> _Provided data_
+ + + + +

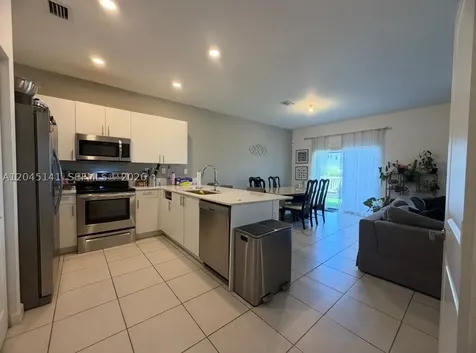 20476 NW 4th Court Miami Gardens FL 33169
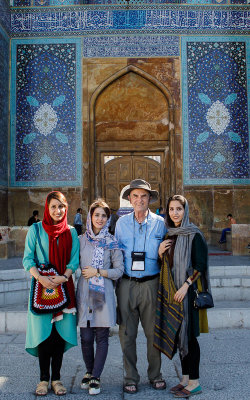 Imam Al-Hussein Mosque-21.jpg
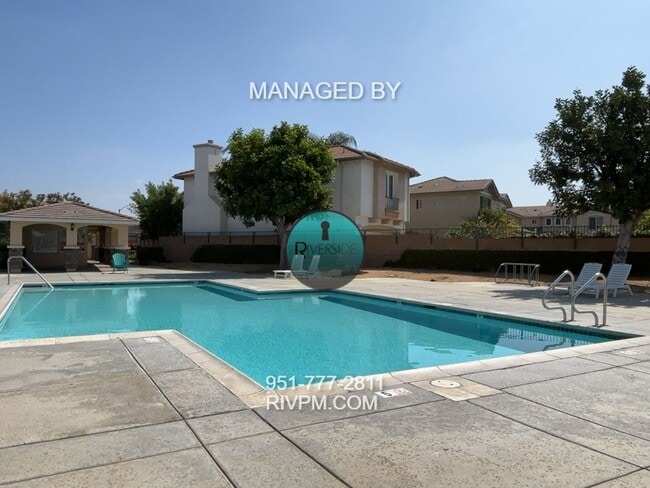 Building Photo - FOR RENT STUNNING 4-BEDROOM HOME IN RIVERS...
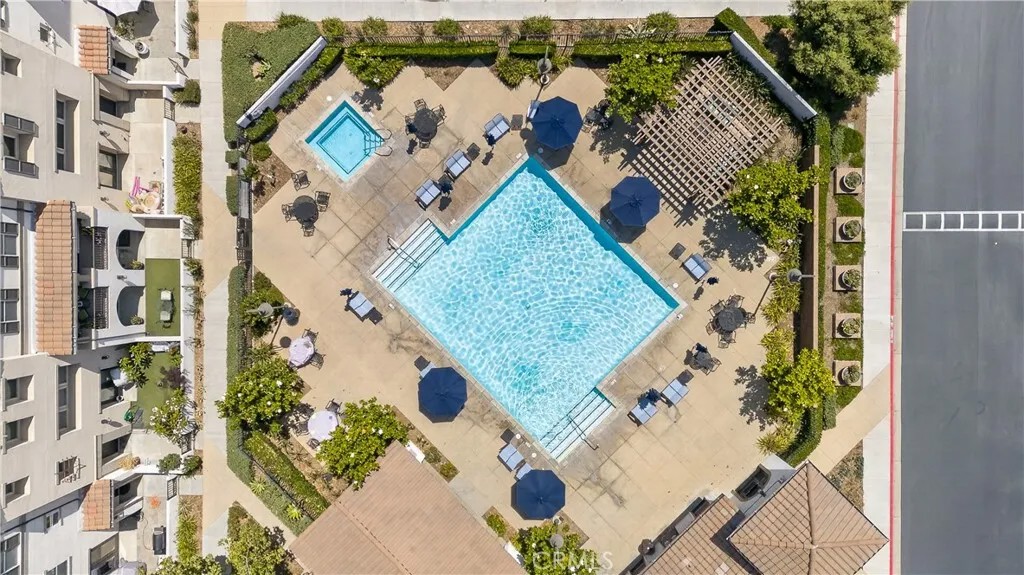 623 W Foothill 39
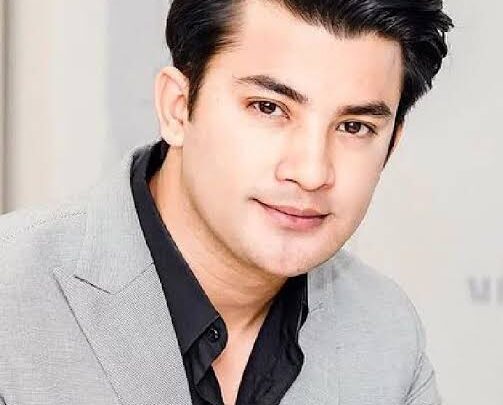 Aakash Shrestha Biography: TV Shows, Age, Height, Movies, Girlfriend, Net Worth, Parents, Ethnicity, Instagram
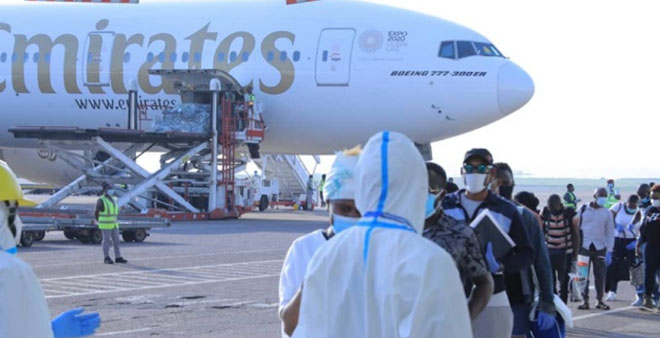 Flights to Dubai suspended, Cranes call off trip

+ + + + +

Pictures stay out. Everything else in the listing gets printed exactly.

 20476 NW 4th Court Miami Gardens FL 33169
 Imam Al-Hussein Mosque-21.jpg
 Building Photo - FOR RENT STUNNING 4-BEDROOM HOME IN RIVERS...
 623 W Foothill 39
 Aakash Shrestha Biography: TV Shows, Age, Height, Movies, Girlfriend, Net Worth, Parents, Ethnicity, Instagram
 Flights to Dubai suspended, Cranes call off trip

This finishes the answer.